Questa è stata la grande scoperta di don Silvano, che la Verità da lui tanto desiderata e cercata non era una realtà statica, in un punto estremo della via da lui percorsa, in attesa di essere raggiunta, ma una Presenza dinamica che lo raggiungeva, ogni giorno, lì dove si trovava proprio attraverso i volti che incontrava. E questa scoperta l’ha portato ad avere una grande attenzione verso i bisogni concreti delle persone. Significativa è la testimonianza di una suora delle Piccole Sorelle dei Poveri, che hanno accudito don Silvano in questi ultimi anni. Questa suora, proveniente dall’Africa, descrive il suo primo incontro con don Silvano qui, a San Salvi, appena arrivata in Italia. E ricorda il gesto da lui compiuto quando, guardando gli abiti troppo leggeri che indossava rispetto al freddo che in quei giorni c’era a Firenze, le ha subito regalato un cappotto. La Verità non è astratta, ma concreta, e per questo non si perde mai nell’astrazione ma accompagna, colui che la incontra, fino alle cose più concrete del quotidiano, servendosi della sua creatività.

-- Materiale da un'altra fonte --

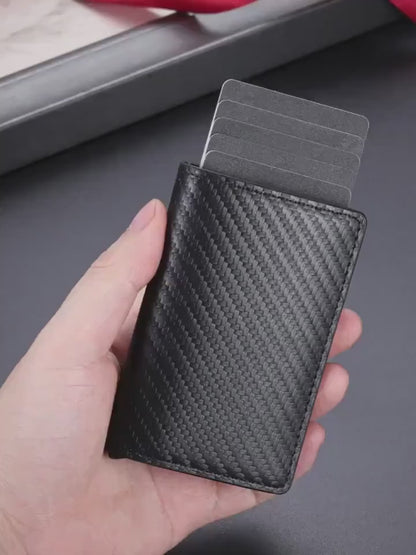 RFID Automatic Pop-Up Card Aluminum Alloy Card Holder / Wallet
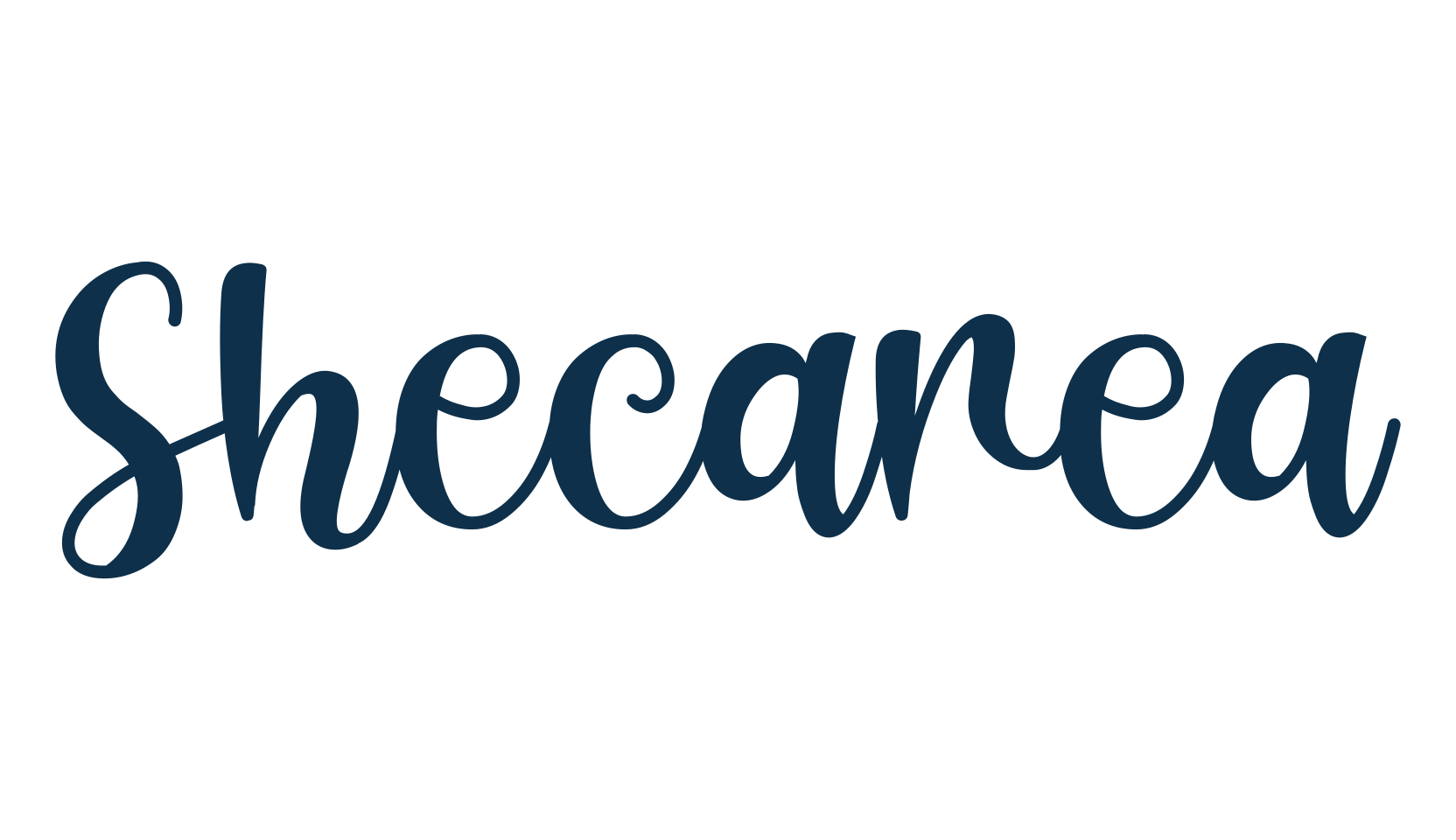 Shecarea, calligraphy font preview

Piano piano, però, si è affacciata, nell’orizzonte di don Silvano, l’esperienza di una malattia che lo ha privato dei tanti talenti che il Signore gli aveva donato. Eppure, permettetemi una battuta, questa malattia è arrivata troppo tardi: don Silvano ha vissuto una vita così intensa in compagnia di quella Verità cercata in ogni istante della sua giornata, che neanche l’alzheimer ha potuto impedirgli di manifestare fino all’ultimo respiro la sua docilità alla novità dello Spirito, la sua testimonianza di speranza e la creatività della carità.
Aiutaci Signore a metterci in ascolto di questa misteriosa sapienza che ci trasmetti anche attraverso i momenti più bui della nostra vita; aiutaci ad accogliere i volti dei poveri che incontriamo perché ci aiutino ad accogliere anche la nostra povertà come luogo in cui Tu ci raggiungi e vieni a salvarci. Accogliendo la tua misericordia ci sentiremo amati e impareremo che niente e nessuno può separarci da Te, che sei capace di far concorrere tutto al bene.